I waited about 20 minutes and finally decided I better look at the display and see a) how much sneakers cost these days and b) where they were made. Sorry I got up.
The sneakers ranged from $124 to $159 and were made either in China or Vietnam.
I sat back down dejectedly. I hadn't paid more than $12 for sneakers in my life...OK, that was also 50 years ago. In fact, the last pair I got were Tony Lima tennis sneakers I won in a golf tournament because that's all they had left in the pro shop. $19.99.
I finally saw a guy two rows over who was about my age. So I went over and asked him. "What are the best sneakers to buy?" "Well, I have been wearing Nike Air for years, but today I thought I would try these..." he said, holding up a
pair of black sneakers with while bone-like skeletal designs on them.
"Kinky," I said and sat back down.
Eventually, the sales person returned, dropped three boxes down next to me and left. I may not be the
sharpest knife in the drawer, but I figured that these must be my "selection."
I got a pair of Nike, something called New Balance or something and Basics. The Basics looked like those skeletal
wanabees the guy had. The others were fancy sneakers with all kinds of tread patterns under them. Each said "neutral."
I never saw the salesperson again...mostly because I left.
But first I wandered over to the women's "Shoe Dog" testing center where I found my wife standing in some blue pillows while another woman shaped some inserts around her feet.
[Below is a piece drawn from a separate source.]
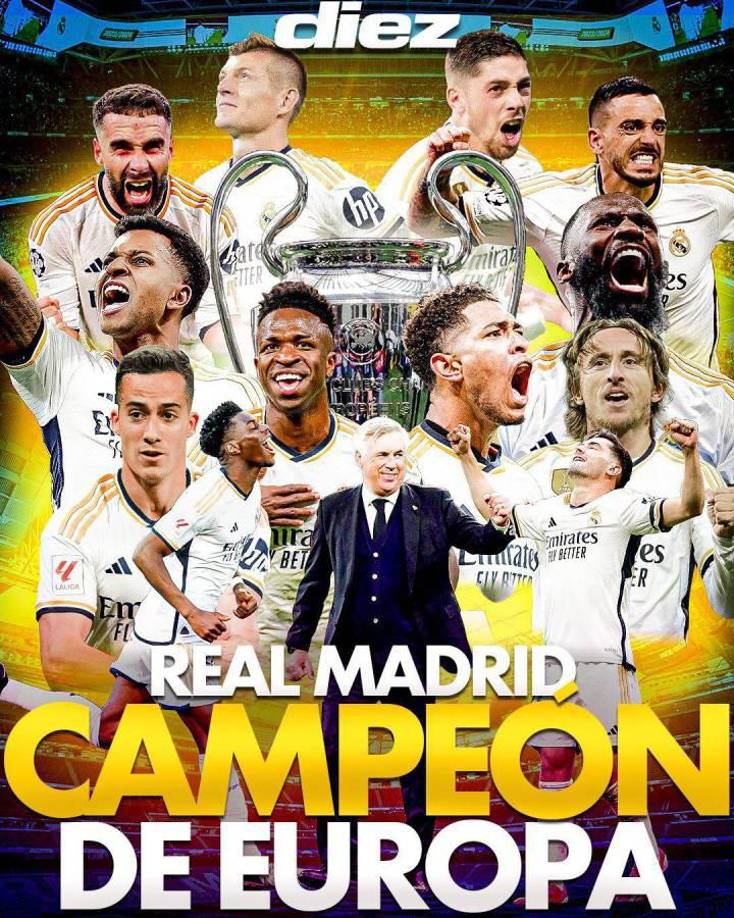 La portada de Diario Diez con el título número 15 del Real Madrid en Champions League.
She looked happy, so I figured I wouldn't whine at her just yet.
Instead, I just said I couldn't find anything in my size and I would be in the car... but certainly take your time
(I think there is a novel or two in the trunk).
Instead, I shielded my sensitive eyes against the bright Southern California sun and walked around the corner
There were racks of sneakers out in the parking lot, under a sign that clearly said "Clearance." I had to ask someone.
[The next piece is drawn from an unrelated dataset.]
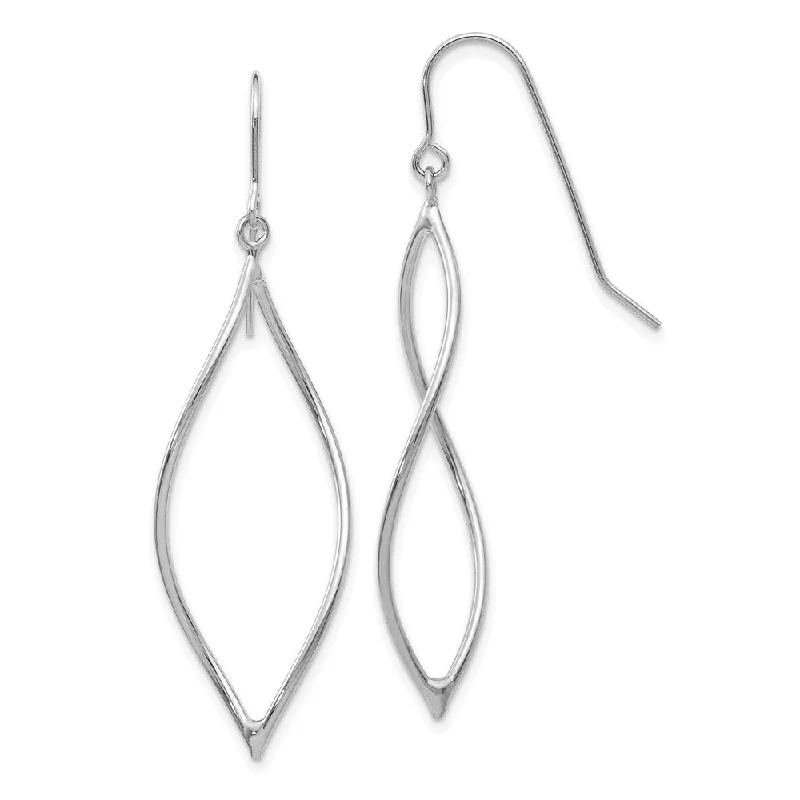 Women's earrings sleek-twist-14k White Gold Twisted Oblong Dangle Earrings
These were sneakers that people bought from the store out front and returned after wearing them once.
No really...it even said so on the racks.
I found those Nike Air in the 10D section and tried them on. They fit perfectly. I began to wonder about my
"neutral" inserts so I asked. The clerk snickered and said simply "Why would you need neutral inserts if you
your feet are already neutral?" Wow, good point...I never thought of that.
The price tag on these used sneakers was $49.99.. a steal compared to the original MSRP of $159.99.
And whomever wore them once to jog in, never even sweated in them or puked on them.
Reality struck, however, and I thought of my $12 sneakers at home. I walked away from the deal.
I found my wife at the cash register in the real store. She was buying some $129 sneakers with $80 inserts...
but she got a really good deal. If you spend $20 on a VIP membership, you get a discount on your purchase.
I hope the discount added up to more than $20, but I was afraid to ask. Why start trouble? Besides,
the VIP card was good for any member of the family. Let's see...there is only she and I and the cat.
Today I am wearing a pair of 9 1/2D Brockport walking shoes that were given to me by a friend whose uncle
bought them a day or two before he died. They feel really, really good even if they are light gray and look like
some thing a nurse would wear in "One Flew Over the Cuckoo's Nest."